29/05/2012 14:03 BST | Updated 29/07/2012 06:12 BST

Why the GM Wheat Trials at Rothamsted Give Me Pause for Thought

I knew the issues surrounding GM food were controversial but never did I imagine that my taking part in a protest would induce such a backlash. Naive? Possibly. Bewildered? Definitely. One of the Green Party's greatest strengths is its fierce emphasis on democracy and freedom of speech. Do we all of us agree all of the time? Absolutely not. We wouldn't move forward as a party if we did. So while I knew there would be fall out from my decision to attend I hadn't expected a lack of debate or listening.

I was never advocating violence. Not that I think strong protests don't have its place in society; look at the passion behind the student demonstrations against the Vietman War. They were instrumental in changing public opinion and withdrawing American troops. But I think perhaps I had never explained properly my reasons for protesting against the GM trial at Rothamsted. This was not about pre-meditated violence but about a community feeling hopeless and voiceless. I wanted to lend support to those who feel are dismissed as "luddites" for expressing their concerns over the GM trial.
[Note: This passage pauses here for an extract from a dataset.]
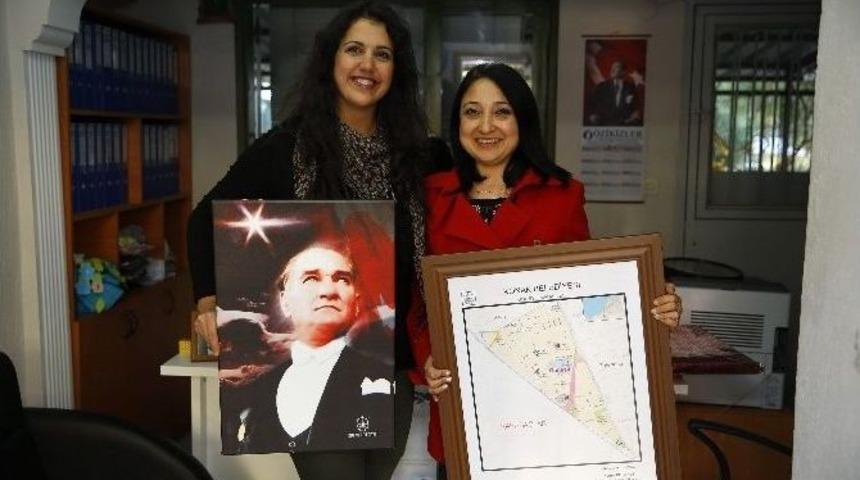 Konak&rsquo;ta Muhtarlara Yeni Yıl S&uuml;rprizi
An accusation which I am heartily sick of seeing is that the Greens are "anti-science". Some people think that to be an environmentalist and a progressive scientific thinker are mutually exclusive. What rot. As a society, scientific research is imperative for us to progress and evolve. What I am not in favour of is research taking place where not enough safety measures have been put in place or I feel that publicly funded research will be hijacked by commercialism. The debates over the science seem to be in danger of masking the bigger issue - the production of patentable plants. At the moment, especially in light of the lobbying scandal, the separation of big business, with the emphasis on profit and huge capacity for lobbying politicians, from independent scientific research seems unlikely.

On Sunday, after our friendly picnic and listening to a band, it became clear that the police wouldn't let us anywhere near the GM field, so most people simply went and sat at the entrance to a public footpath where the police line prevented them moving any farther.
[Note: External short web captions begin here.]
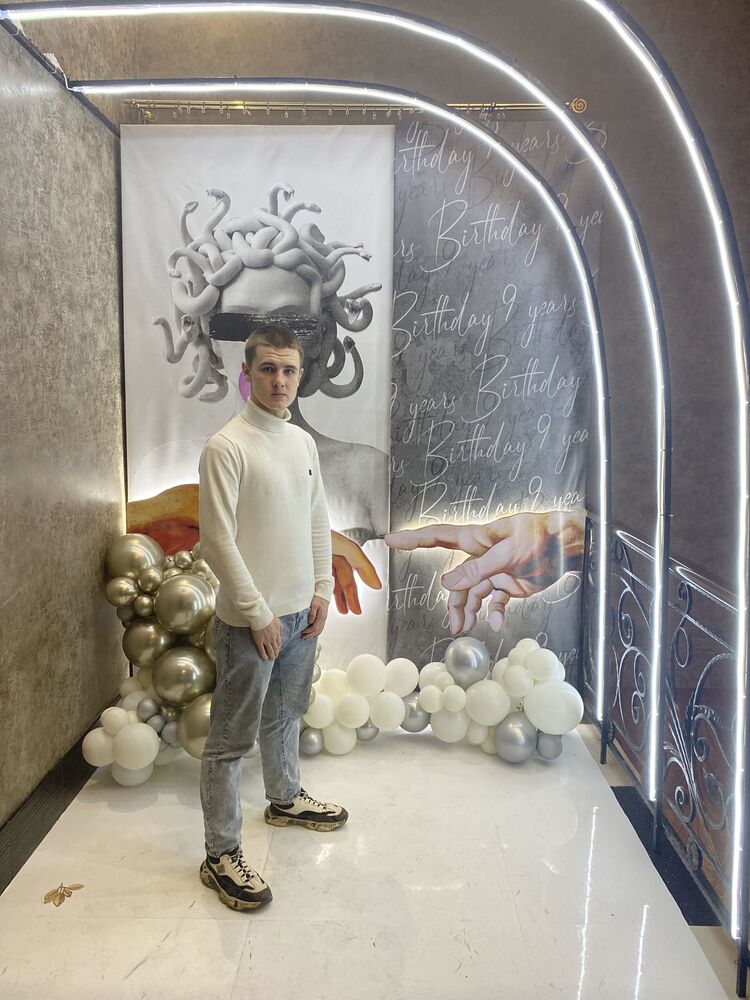 ���� 33661709 ����� �����, 23 ����, ���� ���������� � ������������-��-�����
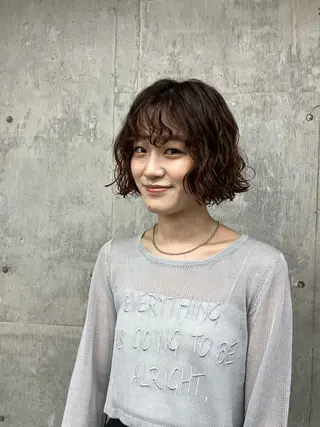 ショート パーマ era所属・azumi/ボブ/暖 色/オリーブ/縮毛のヘアスタイル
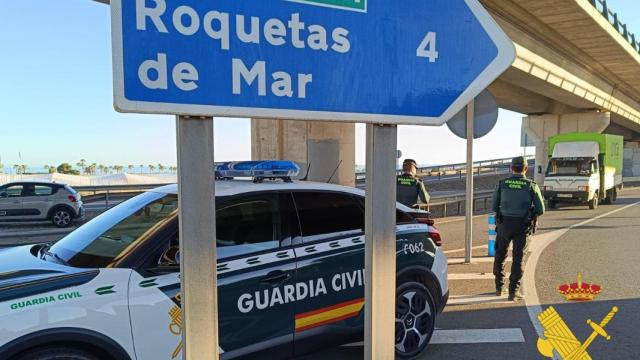 Guardia Civil en Roquetas de Mar en una imagen de archivo.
Despite the savvy pro GM PR campaign from Rothamsted and the "eminently reasonable" arguments presented by the scientists, most campaigners and the public at large subscribe to the precautionary principle when it comes to GM. Safety concerns and the bottom line are not good bedfellows.
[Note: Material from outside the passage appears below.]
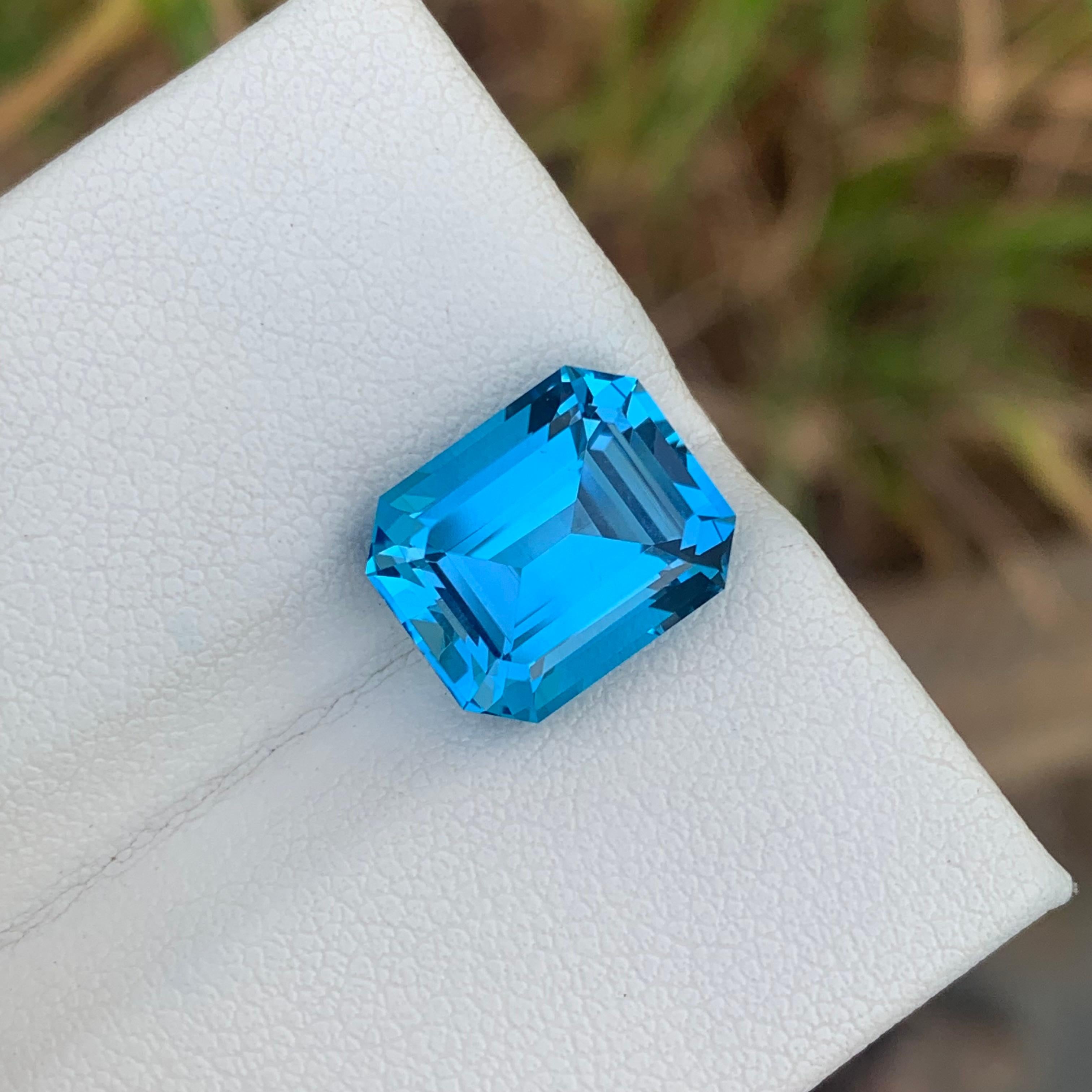Stunning Loose Electric Blue Topaz Ring Gemstone Emerald Shape For Sale 1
The world still produces enough food for its population. Instead of developing and investing in unnecessary GM crops, surely the overriding priority for the scientific community, policymakers and politicians is to work towards solving the problem of food losses. The FAO have calculated that 1.3 billion tons of edible parts of food produced for human consumption gets lost or wasted globally every year. This is an incredible one third of total production. Take the recent bumper harvest in India this year. Millions of tons of wheat are rotting because India ran out of warehouse space to store it whilst at the same time hundreds of thousands of its citizens are starving. Solving systemic problems such as these must surely take precedence over promoting GM technology and the fallacy that it is the only way to solve the world's food crisis.